This fantasy quickly evaporates when one learns that the average American spends a mere 7 percent of his or her annual income on food (the lowest percentage in the world). That average person has an amazingly rich and diverse array of nutritious foods from which to choose. In addition, it turns out that there are very few "food deserts" in states that have the highest levels of obesity in the nation.
This week, I sat down in an editorial board meeting with Kevin Concannon -- USDA undersecretary for food, nutrition and consumer services -- a friendly and well-spoken authoritarian who effortlessly dismissed the idea of local parental and school control over kids. The problem is just too big, he explained.

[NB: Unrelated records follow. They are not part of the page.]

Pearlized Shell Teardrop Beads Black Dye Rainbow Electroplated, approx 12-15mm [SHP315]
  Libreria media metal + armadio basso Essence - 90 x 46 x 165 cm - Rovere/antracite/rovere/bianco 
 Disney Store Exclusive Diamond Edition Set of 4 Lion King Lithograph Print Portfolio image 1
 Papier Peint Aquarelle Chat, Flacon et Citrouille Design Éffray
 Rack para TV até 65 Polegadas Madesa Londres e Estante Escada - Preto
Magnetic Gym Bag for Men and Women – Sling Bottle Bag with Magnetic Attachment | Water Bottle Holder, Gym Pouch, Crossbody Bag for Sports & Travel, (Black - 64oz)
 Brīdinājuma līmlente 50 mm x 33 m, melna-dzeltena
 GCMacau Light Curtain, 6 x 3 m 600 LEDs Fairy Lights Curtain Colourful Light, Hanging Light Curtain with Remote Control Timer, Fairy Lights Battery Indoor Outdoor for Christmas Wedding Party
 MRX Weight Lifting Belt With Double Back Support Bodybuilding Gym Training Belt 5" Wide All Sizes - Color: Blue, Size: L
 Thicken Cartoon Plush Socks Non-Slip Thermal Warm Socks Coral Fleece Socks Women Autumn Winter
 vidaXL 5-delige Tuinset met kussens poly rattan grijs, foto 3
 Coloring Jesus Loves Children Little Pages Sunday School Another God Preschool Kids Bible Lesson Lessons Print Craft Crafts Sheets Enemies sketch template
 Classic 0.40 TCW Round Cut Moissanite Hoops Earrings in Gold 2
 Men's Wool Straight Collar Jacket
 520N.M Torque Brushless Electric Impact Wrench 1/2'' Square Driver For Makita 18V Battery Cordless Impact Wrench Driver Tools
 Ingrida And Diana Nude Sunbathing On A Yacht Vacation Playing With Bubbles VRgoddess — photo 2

Concannon did, however, speak enthusiastically about one day banning commercials that the administration finds are simply inappropriate for kids to be watching, such as cereal ads. Too flashy. Too much sugar.
But he can't do it alone. In a recent meeting with Cabinet members and congressional leaders, Michelle Obama said, "It's going to require us working together -- not just the administration but Congress, governors, mayors, parents, teachers."
You see, it's not just the administration that has a responsibility to tend to your children's nutrition. Parents also are going to have to play a role -- after, you know, Congress, governors and mayors.
It seems, in fact, that in the fight against obesity, we pin the blame on every bugaboo available except the one that deserves the responsibility.
Who knows, maybe it's parents -- not the Fruit Loops toucan or vending machines or corporate greed or even a lack of laws -- who hook kids on insalubrious foods.